Jetties near residential areas can be tricky for anglers as ferries scare the fish away. Glenelg is the exception.
It's free of boats, leaving squid and garfish to be caught in the seaweed surrounding the jetty's pylons. Reach it via the Moseley Square light rail station, in the centre of dozens of cafes, shops and restaurants.
Picture perfect piscary (by garnett / Public Domain)
Port Adelaide River, Riverview St
As the sun rises and the water tide rises, toss a line from the rocks with live bait on your hook.
You'll catch bream but if you're unlucky, retire to the Birkenhead Tavern. You can tell your tall tale about the one that got away over a pub grub lunch.
Henley Beach Jetty, Seaview Rd
There's plenty of spots along this long jetty to setup with your friends and catch fish in year-round, with dolphin spotting a bonus in summer. It stretching into the St Vincent Gulf, putting you in a prime spot to tap deeper waters with live bait and catch garfish, mullet and blue crabs.
In our north-west, the long rock wall jutting into the gulf creates a bottleneck as fish search for scraps along the natural barrier The tides for fishing are best in the early morning and late evening, when you'll catch salmon, pilchards and flathead.
The long beach along Port Adelaide River, lined with shady trees is a comfortable spot. Setup for a picnic and a day of swimming, sandcastles and seafood. Begin with bream for breakfast or stay for dinner with mullet.
You're never too young to fish (by JamesDeMers / Public Domain)
Torrens Island Power Station, Port Adelaide
Head along the Grand Trunkway, turning left at Garden Island. It's the site of solar panels and wind farms.
Setup along the shoreline surrounding the station, fishing for whiting and bream at the eastern mouth of the Port Adelaide River.
Thompson Beach, Dublin
Take a weekend drive, heading north to escape the city at Thompson Beach. Get your legs wet (but keep your shoes on), wandering along the shoreline beside The Esplanade.
Using a crabbing rake (which has wider gaps and large hooks compared with a gardening rake), you'll skim the surface for blue crabs, watching for the eyes glaring from the surface as the colourful bulk of the crab remains hidden beneath clumps of seaweed and sand.
Don't let them nip you as you place them into a bucket to continue raking.
Maslin Beach, Onkaparinga
Southwest of the city, at the end of Main South Rd, Australia's first nude beach is over 3km long, allowing anglers to cast fish hooks into the sea without risking embarrassing accidents.
With only small hooks, you'll catch salmon quite near to the shoreline.
For a fun day of fishing, especially if you're a beginner, please consider these tips:
In Victoria and NSW, anglers need to pay a small licence fee but in SA, recreational fishing is free. Happy times!

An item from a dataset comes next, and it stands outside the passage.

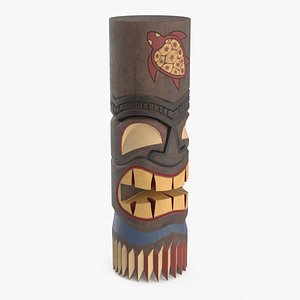 Carved Totem Pole with Tiki Face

Unless you're fishing just for fun (kissing the fish and releasing it back into the water), you'll need to note the size and bag (quantity) limits for each species. For example, snapper needs to be 38cm long and you're limited to 5 between 38-60cm each and 2 over 60cm each. During November and the first half of December, you can't keep any snapper. Check the limits at the SA Govt Primary Industries and Regions website. It's a detailed guide with photographs of the male, female and juvenile variety of each species.
Look out for signs, obeying all official safety and sustainable fishing rules. Fishcare volunteers and rangers visit popular spots to offer guidance and answer questions. There is also a Fishwatch hotline to report suspicious or illegal activity.

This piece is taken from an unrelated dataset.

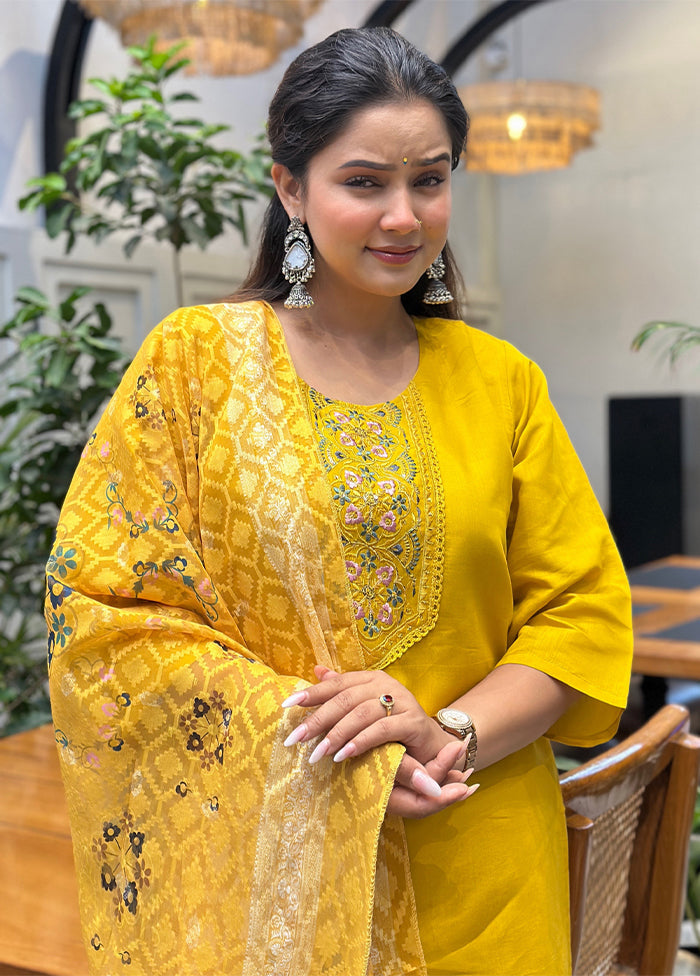 3 Pc Yellow Silk Suit Set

Whether you're fishing from a boat, rocks, beach or jetty, stay safe. Use sunglasses, sunscreen, sturdy shoes, wet weather gear, water and snacks.
If you're boating or rock fishing, wear a life jacket and let someone know where you are.

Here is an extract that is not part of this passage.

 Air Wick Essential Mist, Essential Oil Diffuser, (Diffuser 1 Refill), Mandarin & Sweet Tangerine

Where's your favourite fishing spot? Please let us know with a comment below.
One time when we went away on a holiday trip, we had rented out this place near a running river, and Dad left the fishing rod going and placed a chair on top of it to make sure it didn't fall in the water. At the end of the day, he caught a fish, and we hadn't, so he made sure to brag about it for as long as he could before he lost his voice!